No Brasil, até o dia 27 de novembro corrente, a rede Cinemark (Rio e São Paulo) exibirá o curta Mickey, o Maestro (The Band Concert, de 1935), antes das sessões da programação normal. Além disso, Mickey ganhou um site especial, o canal a cabo Disney Channel tem apresentado diariamente os desenhos clássicos do personagem e a Editora Abril está lançando uma edição em quadrinhos com histórias antigas do personagem.

Walt Disney: mocinho ou bandido?

Mais de trinta e cinco anos depois da morte de Walt Disney, o mago dos desenhos animados, a polêmica continua: teria sido ele herói ou vilão?

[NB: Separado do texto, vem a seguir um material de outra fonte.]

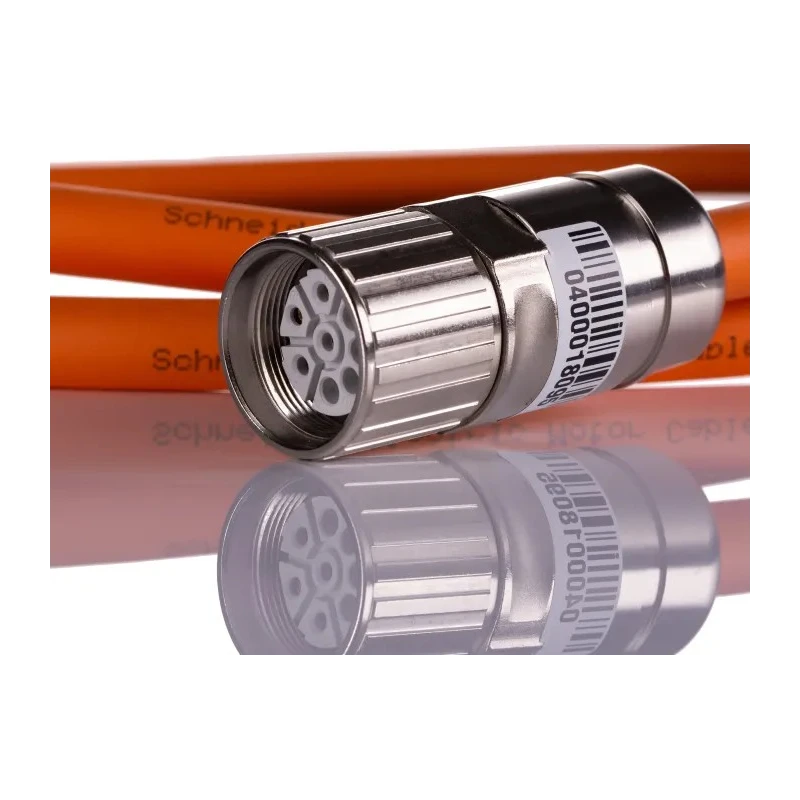 Schneider Electric Power Cable Lexium Series Cable for Use with Lexium 15 BSH, Lexium 15 BDH, Lexium 05 BSH VW3M5101R30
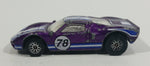 2001 Hot Wheels Ford GT - 40 78 Purple Die Cast Toy Race Car Vehicle - Treasure Valley Antiques & Collectibles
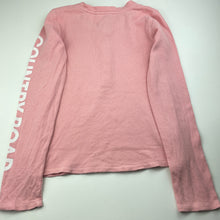 Load image into Gallery viewer, Girls Country Road, waffle cotton long sleeve henley top, GUC, size 12,  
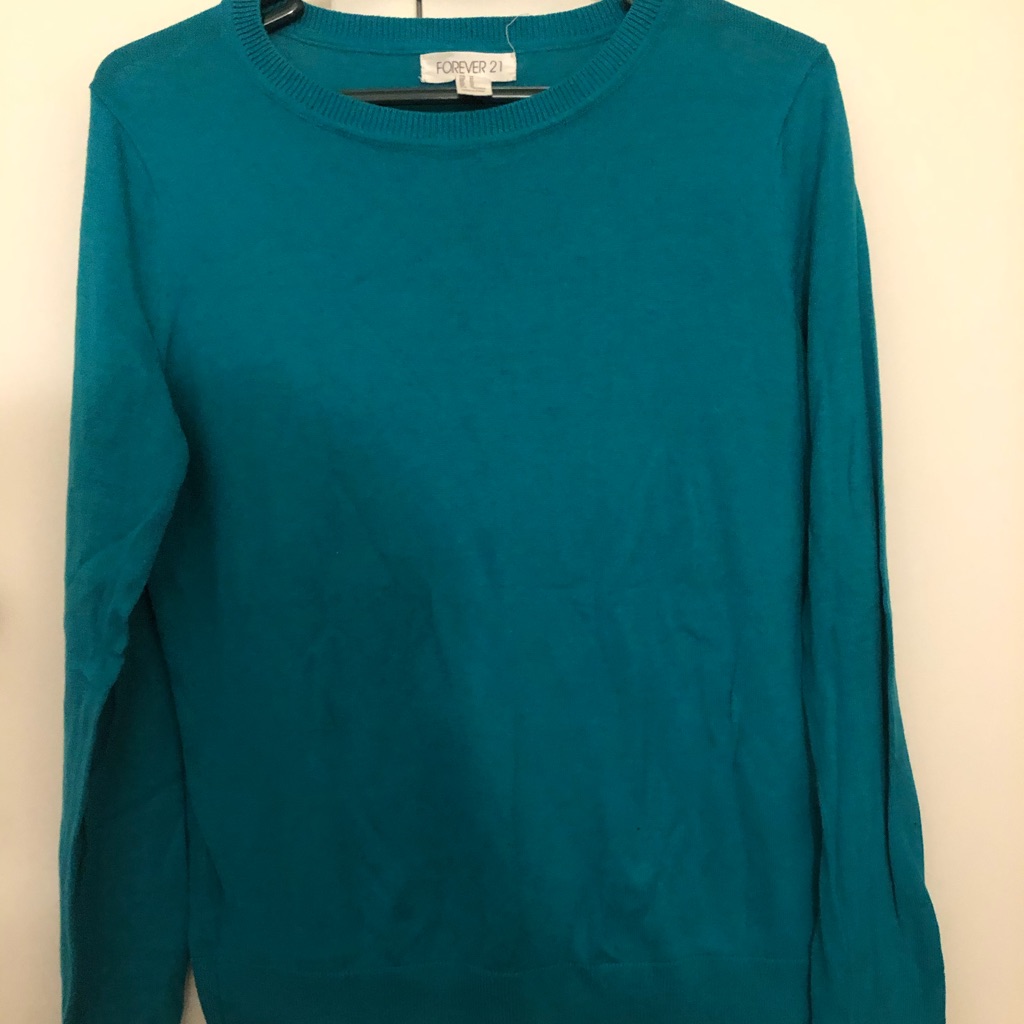 Teal Long Sleeve Sweater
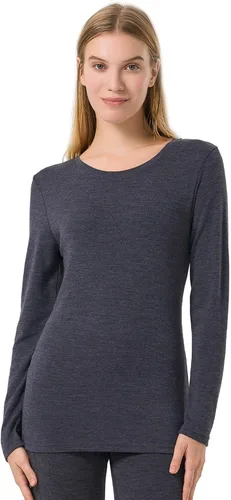 Vista 31 de 100% lana merino capa base mujer suave térmica manga larga camisa diaria Crema natural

Há quem afirme ser a segunda hipótese a mais verdadeira. Para os chilenos Ariel Dorfman e Armand Mattelart, por exemplo, mais do que mero comerciante e propagandista do american way of life ou caixeiro-viajante da fantasia e porta-voz da “irrealidade”, Disney foi um perigoso agente do colonialismo cultural norte-americano, que subverteu o acervo do homem contemporâneo: conseguiu colocar em cada lugar do mundo os seus personagens colados na parede ou impressos em objetos e acessórios de plástico, roupas de vestir ou de cama e mesa, compelindo cada ser humano, de uma forma ou de outra, a integrar, quase que obrigatoriamente, o universo disneyano.

Outros, no entanto, acham isso tudo uma bruta asneira ou paranóia pura. E preferem lembrar-se do velho Walt apenas como um empreendedor que conseguiu dar forma concreta a seus sonhos e ensinou a todos, através de seus personagens animados e suas produções cinematográficas, que, em um mundo marcado pelo caos e pelos conflitos, ainda há lugar para inocentes fantasias infantis.